** TASK INPUT **
BEGIN
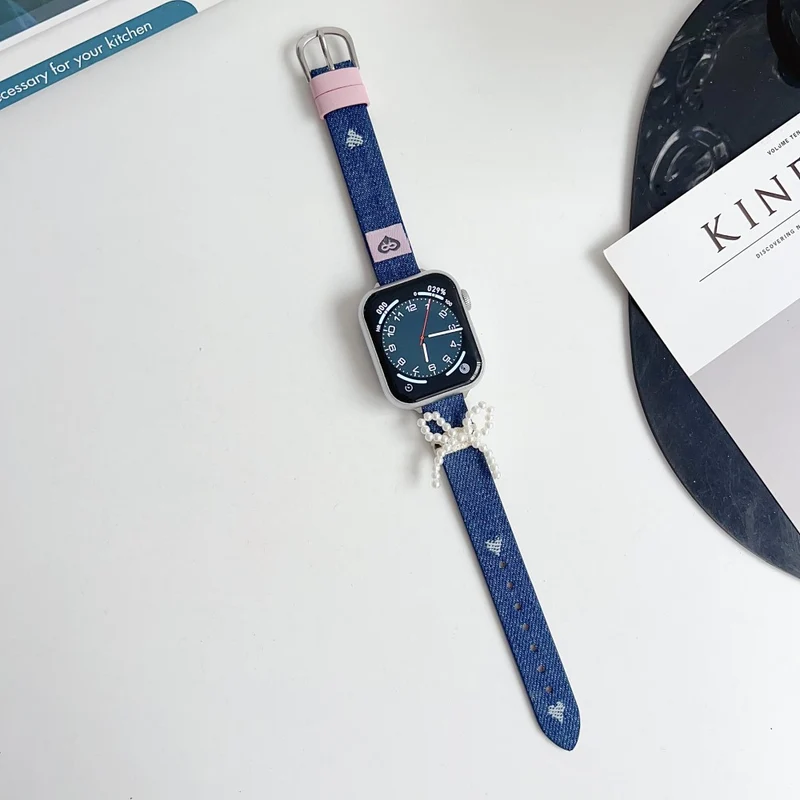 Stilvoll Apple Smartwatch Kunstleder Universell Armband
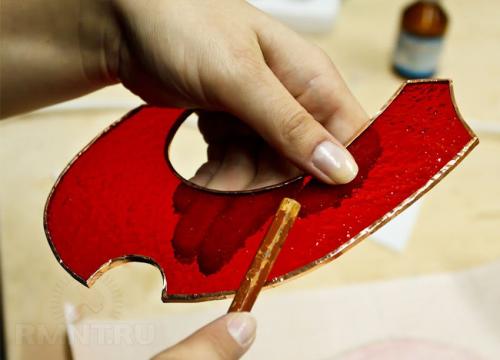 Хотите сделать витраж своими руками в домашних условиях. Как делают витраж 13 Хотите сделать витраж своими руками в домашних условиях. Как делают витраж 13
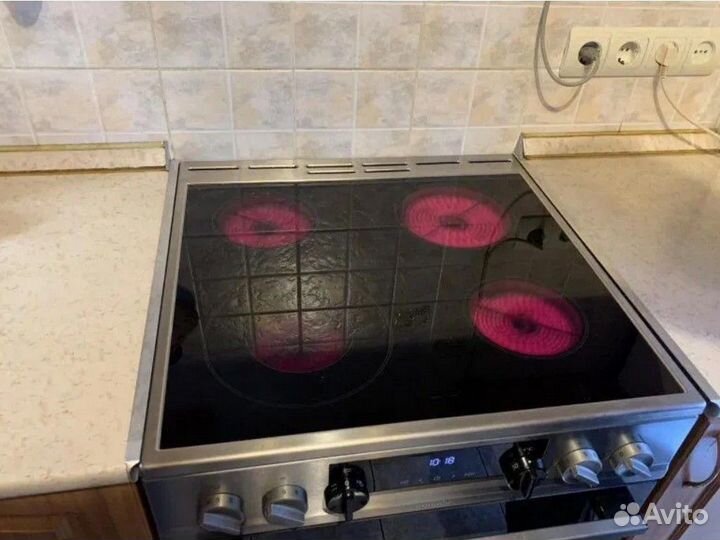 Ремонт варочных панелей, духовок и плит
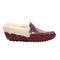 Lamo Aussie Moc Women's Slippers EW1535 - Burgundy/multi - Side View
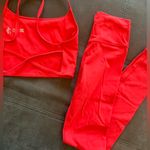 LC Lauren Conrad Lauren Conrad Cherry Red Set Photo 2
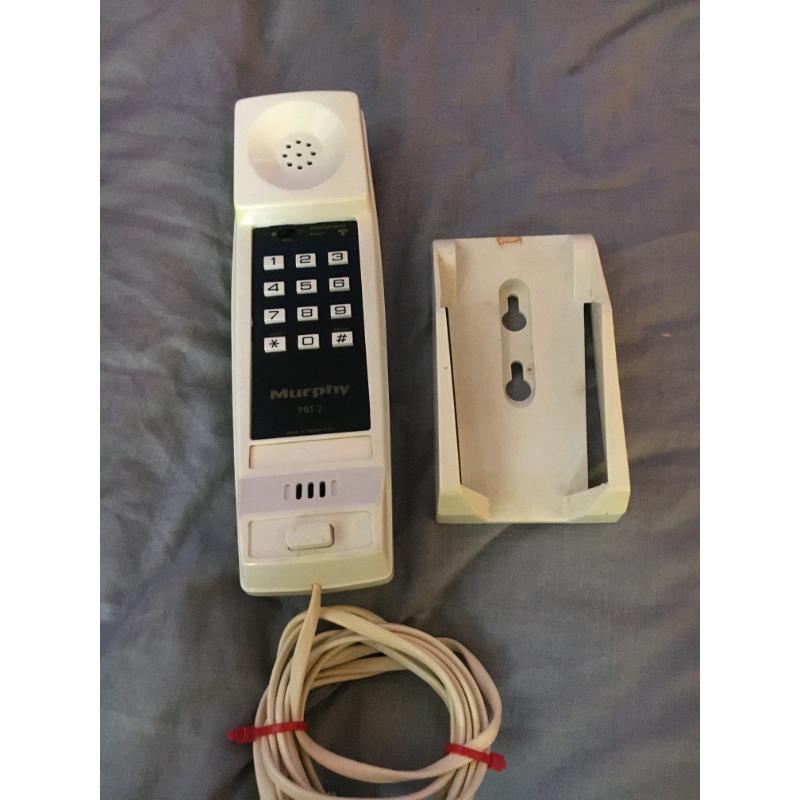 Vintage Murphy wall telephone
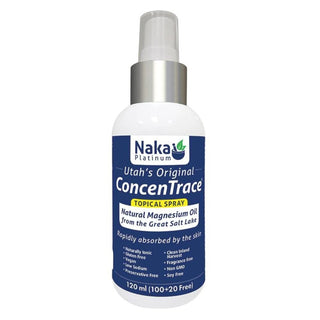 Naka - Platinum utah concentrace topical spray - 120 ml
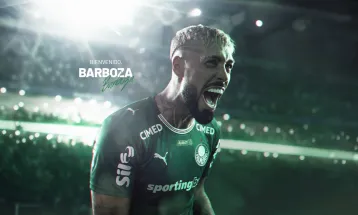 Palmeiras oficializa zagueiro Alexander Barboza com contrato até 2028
END
BEGIN
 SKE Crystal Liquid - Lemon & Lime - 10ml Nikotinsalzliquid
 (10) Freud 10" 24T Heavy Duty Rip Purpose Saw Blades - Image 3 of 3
END
Everything above from the line containing "Lamo Aussie Moc" down to the line containing "Palmeiras oficializa zagueiro" is to be duplicated exactly, both lines included, and the pictures are to be omitted.

** SOLUTION TO THIS TASK **
 Lamo Aussie Moc Women's Slippers EW1535 - Burgundy/multi - Side View
 LC Lauren Conrad Lauren Conrad Cherry Red Set Photo 2
 Vintage Murphy wall telephone
 Naka - Platinum utah concentrace topical spray - 120 ml
 Palmeiras oficializa zagueiro Alexander Barboza com contrato até 2028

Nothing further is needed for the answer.